# Trolling for Pan fish?



## Rod Hawg (Jan 13, 2011)

Anyone on here troll for Pan Fish? I do in my pond. I catch Crappie on Rapala Floaters size 3 and Bluegill on Worm Harnesses that I down size. Great method for catching the big boys!


----------



## Guest (Jan 28, 2011)

some of these crappie guys here pound the slabs either trolling or drifting. i believe long rods are used.


----------



## Rod Hawg (Jan 13, 2011)

I use a jigging rod 6'6 G-Loomis. It is great for feeling that lure vibrate and it is easy to detect bites. My biggest Crappie came on trolling(14in)


----------



## fakebait (Jun 18, 2006)

Thats how I do it everytime out to and from my favorite honey holes. That's how I find more spots. I have used small floating minows but; I have gotten more action using a beatle spin type jig and grub. I troll with two rods off the sides and run my trolling motor with enough power to get both rod tips vibrating from the spinners more power into the wind and back it down with the wind.
I run lines about 30 yards back. I will snake the boat left and right to speed one side up and slow one side down. This tatic seems to trigger more strikes. If I keep getting alot of strikes in one area, I will start drifting over the area and start casting to narrow down the best location. I use a hand held GPS and try to triangulate the spot with landmarks as well. If the batteries die on the handheld I can come close to staying on the spot.
I use my finder as an early warning device as I troll. If I know I'm passing over fish and certain sizes of fish on the finder are what I'm looking for I know shortly to be ready for a strike. Many times I get double hookups and life gets fun. If you can't get on fish fast, you can't beat this method to cover more water and find more fish. It also gives you a purpose while going from point A to B.


----------



## Rod Hawg (Jan 13, 2011)

I'll troll over them and once I start getting hits. I'll usually throw a few minnows in their. And I usually we'll put a hammering on them. Sometimes I get Perch trolling but they really have to be aggresive.


----------



## fakebait (Jun 18, 2006)

With this method I have caught about everything that swims from Channel cats,All types of bass, Gills, Crappie, Walleye, Perch, and Trout depending on the lake. On a rare ocassion you'll get a northern and even a muskie to strike. Using 4 lb. test does not last long on pike, about the time you feel them and they feel you the surge generally snap the line fast. I use 4 lb. because the bait will work deeper in the water when trolling and most of what you are targeting this is more than enough to bring them into the boat.


----------



## Rod Hawg (Jan 13, 2011)

I use ten pound line but will put a few split shots on to help get the bait down.


----------



## 7thcorpsFA (Mar 6, 2010)

Try Northland Whistler Jigs. They have a prop that makes a whistling noise.

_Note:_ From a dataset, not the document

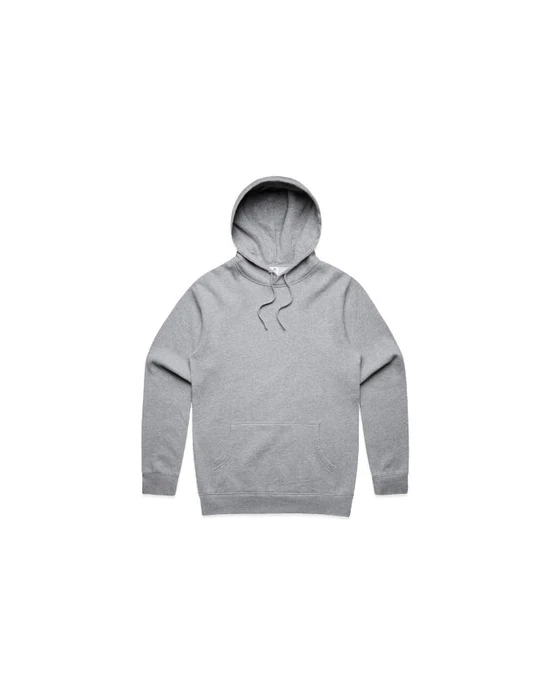 Sweat-shirts personnalisable As Colour Standard Hood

Troll at slow speed with trolling motor. They sometimes work when nothing else will. 1/16th oz. with twistertail added. Also great for casting. Crappie killing machine!


----------



## Rod Hawg (Jan 13, 2011)

Alright. I use minny crawler harnesses which work but those sound great!


----------



## BrianSipe17 (Aug 5, 2006)

7thcorpsFA said:


> Try Northland Whistler Jigs. They have a prop that makes a whistling noise. Troll at slow speed with trolling motor. They sometimes work when nothing else will. 1/16th oz. with twistertail added. Also great for casting. Crappie killing machine!


I 2nd that. I've also had good luck on saugeye with them


----------



## RiverRunner88 (Jun 15, 2006)

i've caught some monster crappie drifting skeeter for eyes with those spinner jigs tipped with worms


----------



## Rod Hawg (Jan 13, 2011)

When they are schooled up I just cast minnows or Rapala Floaters size 3.


----------



## McMish (Mar 23, 2009)

Those whistler jigs from northland, can you cast them or are they more productive at a trolling presentation?


----------



## WiseEyes (Apr 7, 2010)

giant crappie on big o's out at berlin


----------



## BassSlayerChris (Aug 9, 2010)

Ive caught many beautiful crappies at pyma drifting.


----------



## 7thcorpsFA (Mar 6, 2010)

McMish said:


> Those whistler jigs from northland, can you cast them or are they more productive at a trolling presentation?


 I cast them most of the time. Usually troll them when crappie are scattered.


----------